Task to complete:
Only the lines from the one with "GillianDowdey online show" through the last line of the records below belong in your answer, reproduced exactly and with the pictures left out.

Supplied data:
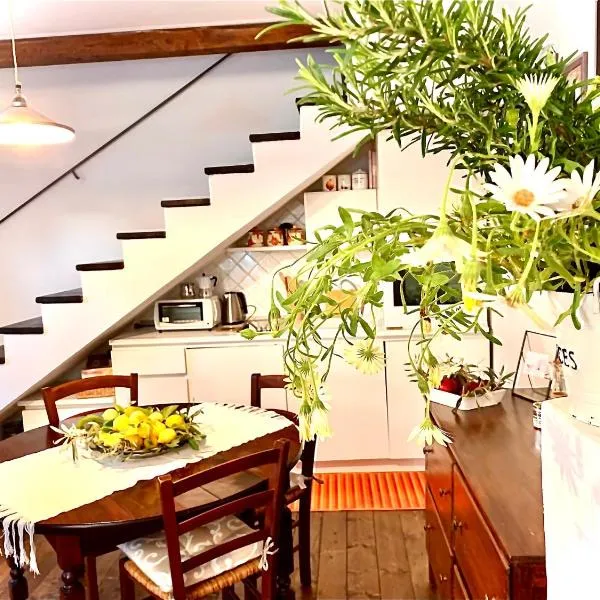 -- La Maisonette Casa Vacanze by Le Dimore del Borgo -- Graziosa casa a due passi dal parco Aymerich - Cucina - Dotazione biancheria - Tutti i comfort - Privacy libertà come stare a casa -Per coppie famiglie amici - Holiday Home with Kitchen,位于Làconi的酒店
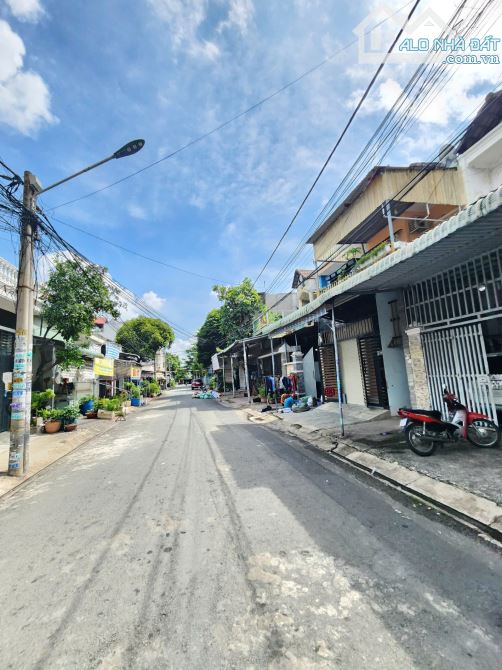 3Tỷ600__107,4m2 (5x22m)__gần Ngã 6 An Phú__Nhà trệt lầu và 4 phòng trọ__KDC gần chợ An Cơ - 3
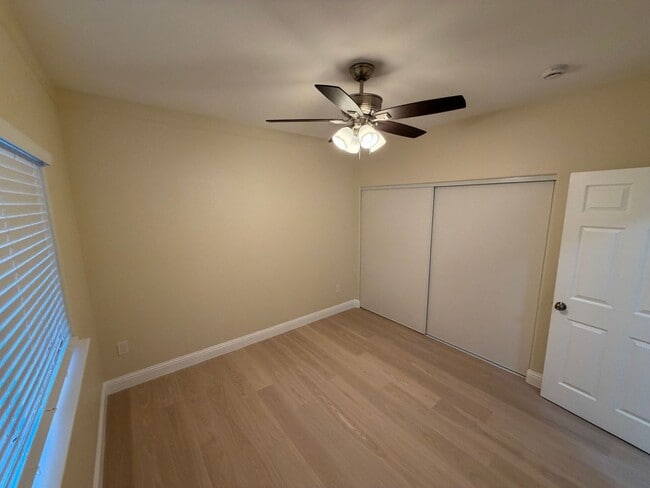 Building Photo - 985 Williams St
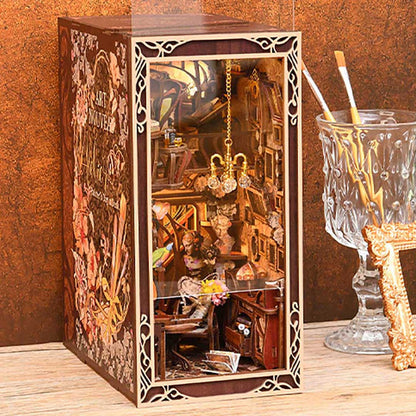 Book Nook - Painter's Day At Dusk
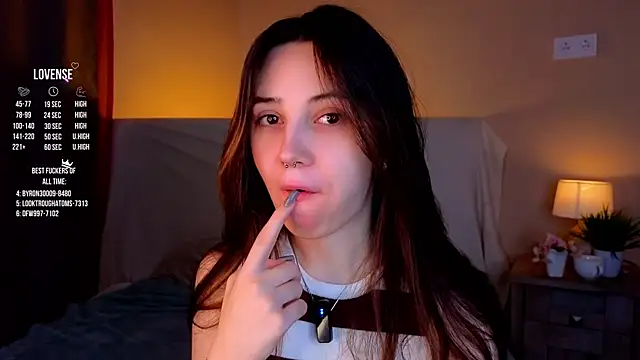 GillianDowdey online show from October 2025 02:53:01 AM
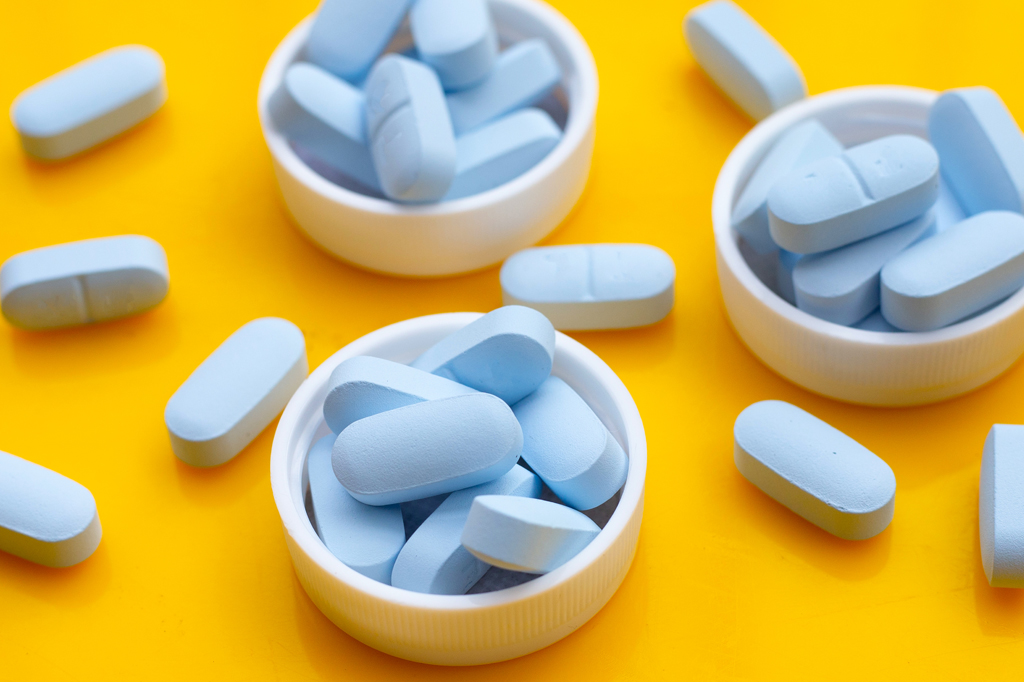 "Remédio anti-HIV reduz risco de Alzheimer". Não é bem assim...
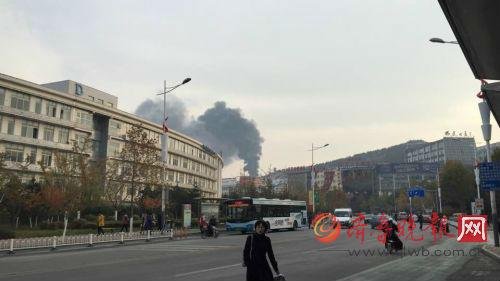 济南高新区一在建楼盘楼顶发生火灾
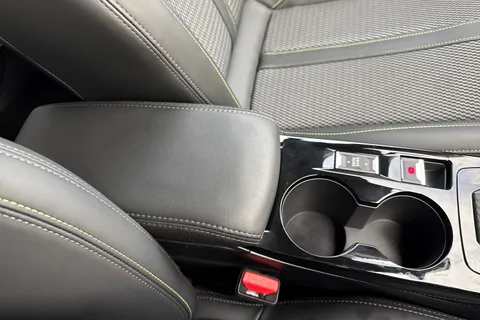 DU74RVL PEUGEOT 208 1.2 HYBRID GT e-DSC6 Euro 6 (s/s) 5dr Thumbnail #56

Problem solution:
 GillianDowdey online show from October 2025 02:53:01 AM
 "Remédio anti-HIV reduz risco de Alzheimer". Não é bem assim...
 济南高新区一在建楼盘楼顶发生火灾
 DU74RVL PEUGEOT 208 1.2 HYBRID GT e-DSC6 Euro 6 (s/s) 5dr Thumbnail #56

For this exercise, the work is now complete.